- Task to complete:
Only the lines below from the one that holds "Abstraktně namalovaný obraz" through the one that holds "Сонцезахисні окуляри Michael" should appear in the answer, copied exactly, end lines included and pictures omitted.

- Supplied material:
::::::::

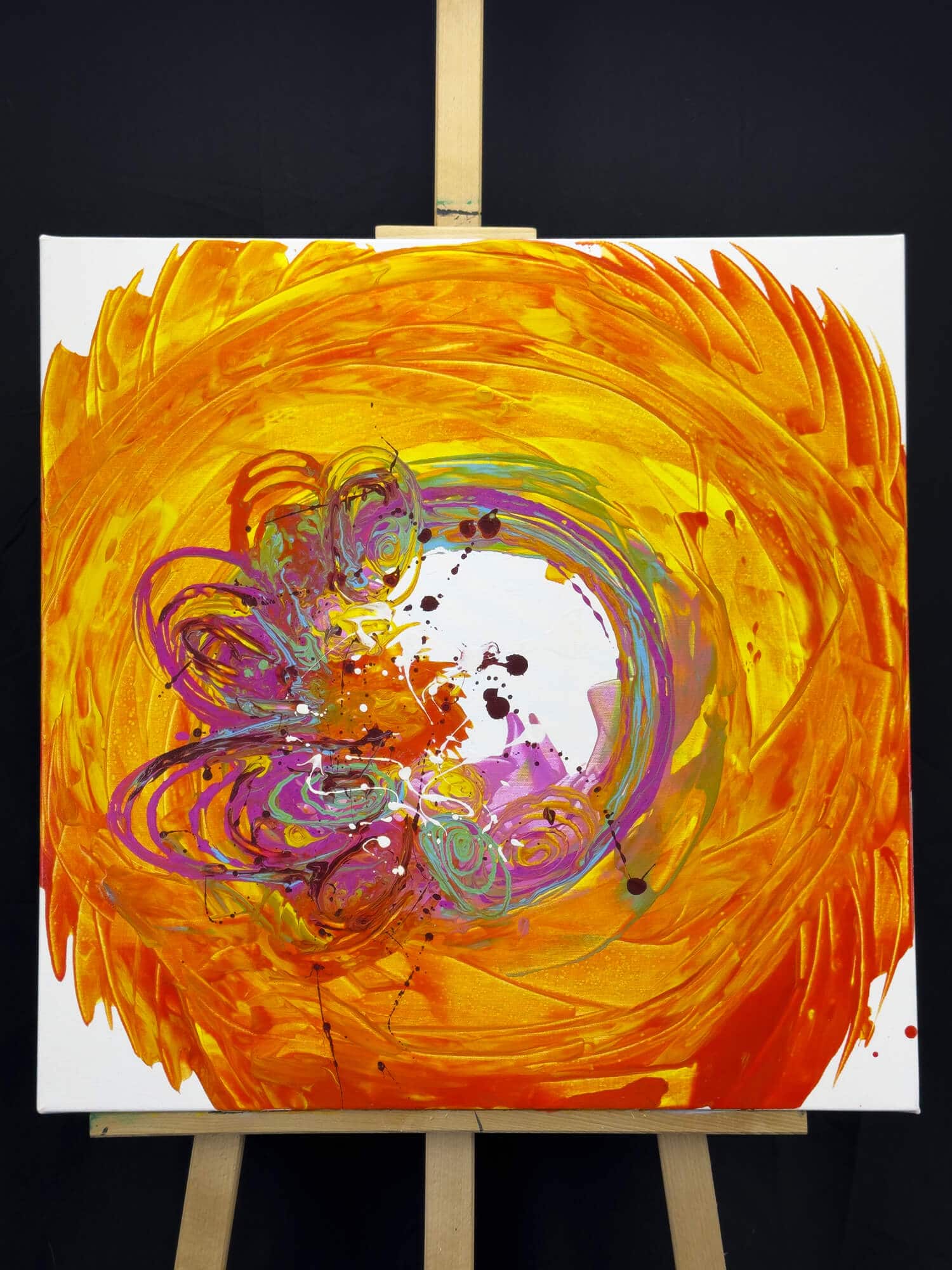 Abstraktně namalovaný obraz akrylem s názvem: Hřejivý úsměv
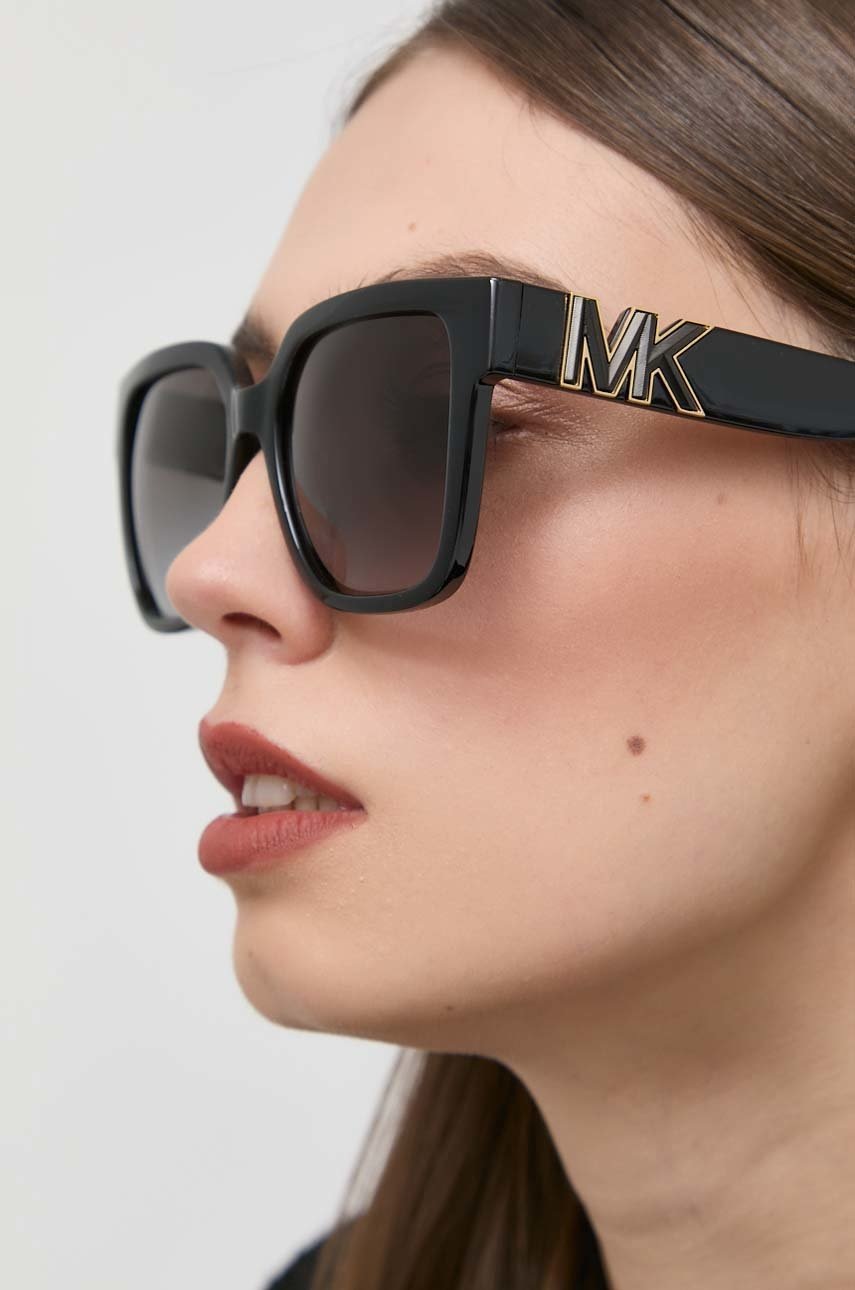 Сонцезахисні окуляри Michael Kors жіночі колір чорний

::::::::

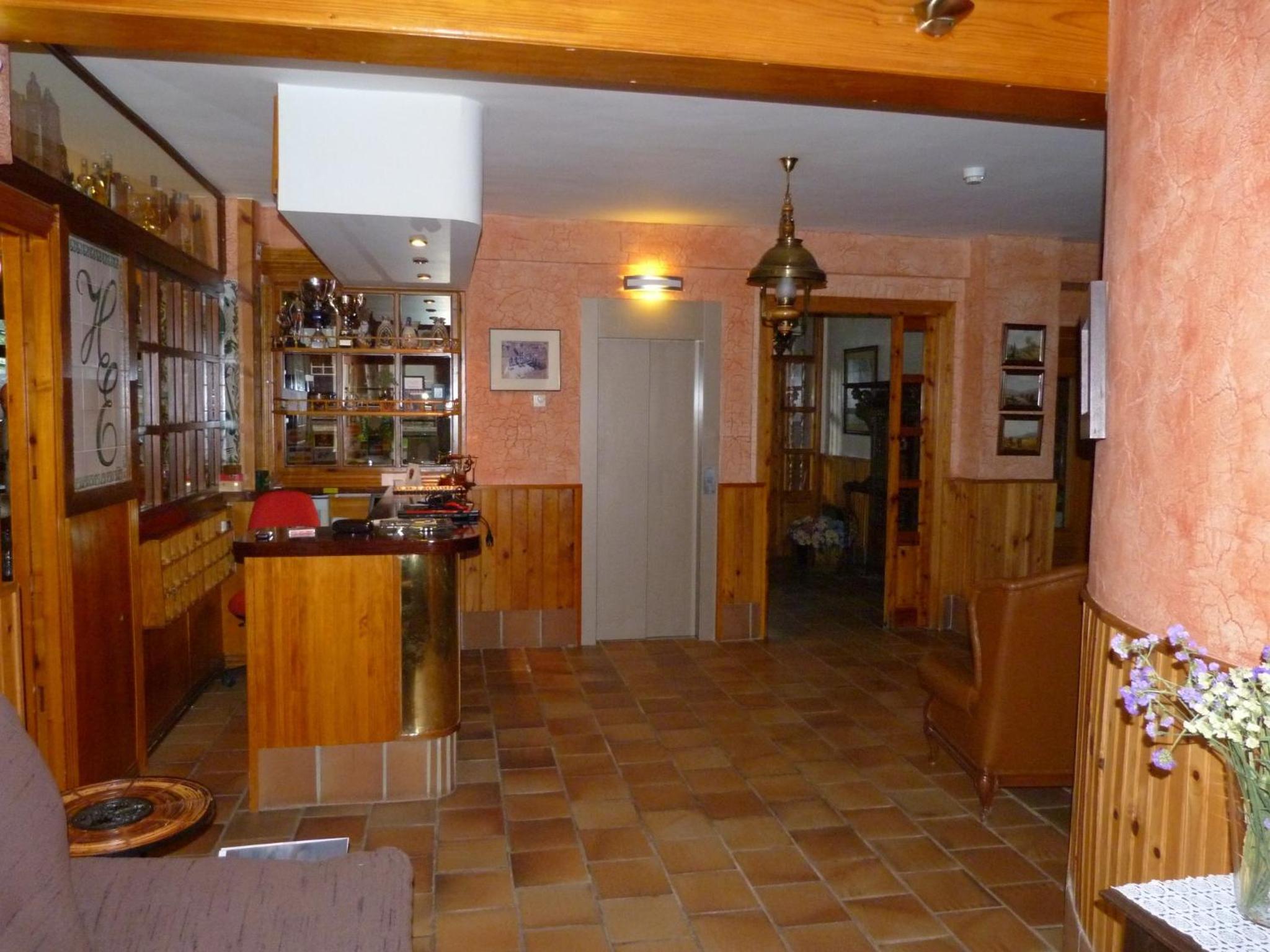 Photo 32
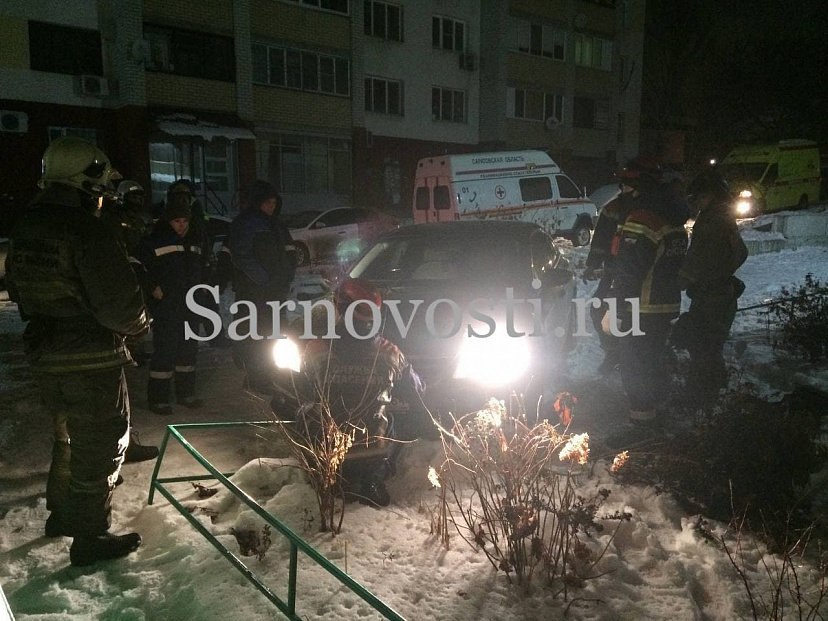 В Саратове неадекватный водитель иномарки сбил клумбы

::::::::

- Response box:
 Abstraktně namalovaný obraz akrylem s názvem: Hřejivý úsměv
 Сонцезахисні окуляри Michael Kors жіночі колір чорний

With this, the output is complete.